Japan nach Olympia: Aktienkultur noch nicht auf dem Treppchen

John Vail, Nikko AM
John Vail / Bild: Nikko AM
Japans Wirtschaft und Aktienmarkt wird nach den Olympischen Spiele einen Aufschwung erleben. An zwei Stellschrauben wäre aber noch zu drehen, um die Aktienkultur im Land zu verbessern:
  • Es gibt eine „Tradition“, die einer wirklichen Aktienkultur in Japan im Wege steht: allzu konservative Gewinnprognosen der Unternehmen. Für diese Zurückhaltung gibt es vielzitierte Gründe, wie etwa eine generelle Vorliebe für Bescheidenheit. Unternehmen wollen nicht gierig oder zu profitorientiert erscheinen. Da hilft es wenig, wenn diese Erwartungen später übertroffen werden – denn bis dahin sind die Märkte oft schon mit einer neuen Runde konservativer Prognosen konfrontiert.
  • Die Auswirkungen einer zu konservativen Unternehmensführung genau zu messen, ist ein Ding der Unmöglichkeit.
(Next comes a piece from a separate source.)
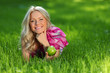 blonde on green grass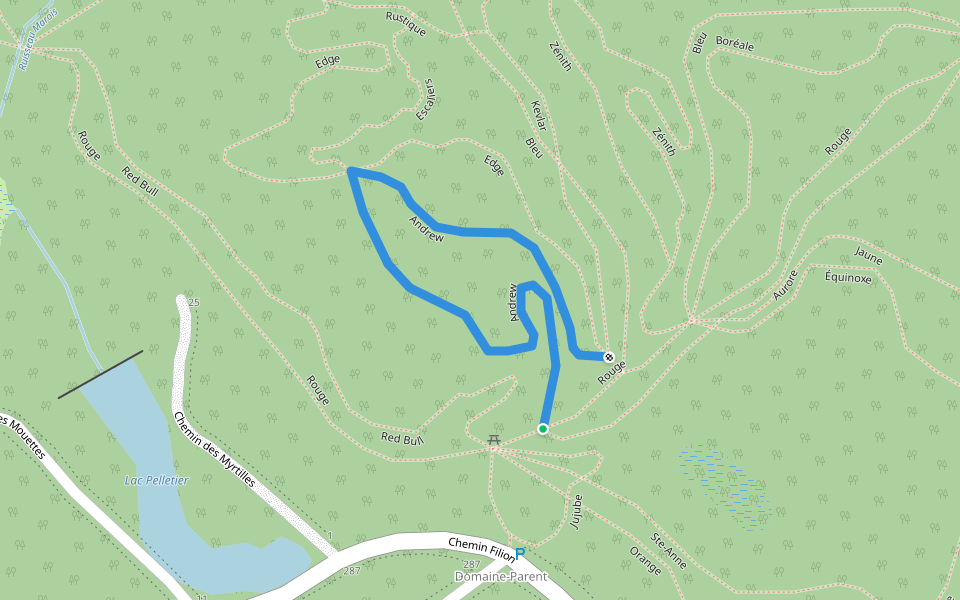 Andrew walking route map in Sainte-Anne-des-Lacs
Aber sie ist eine Form schlechter Unternehmensführung und sie schadet Japan und seinen Investoren. Ziel ist es, Vertrauen und Risikobereitschaft der japanischen Bevölkerung für langfristige Aktienanlagen zu stärken, ähnlich wie mit dem ETF-Programm der Bank of Japan und den steuerlich geförderten Investitionsplänen der Regierung für Kleinanleger. Warum im Zuge dessen das Problem zu konservativer Unternehmensführung nicht angegangen wurde, ist unklar. Reform tut Not. Wenn sich die Unternehmen beispielsweise bei ihrer Wachstumsprognose nicht sicher sind, können sie offizielle Schätzungen des globalen und inländischen BIP oder andere Daten dafür heranziehen. Dies würde zu einem wesentlich ehrlicheren Verfahren für Gewinnprognosen führen, welches die normalen Kleinanleger auf eine Stufe mit den Profis stellt.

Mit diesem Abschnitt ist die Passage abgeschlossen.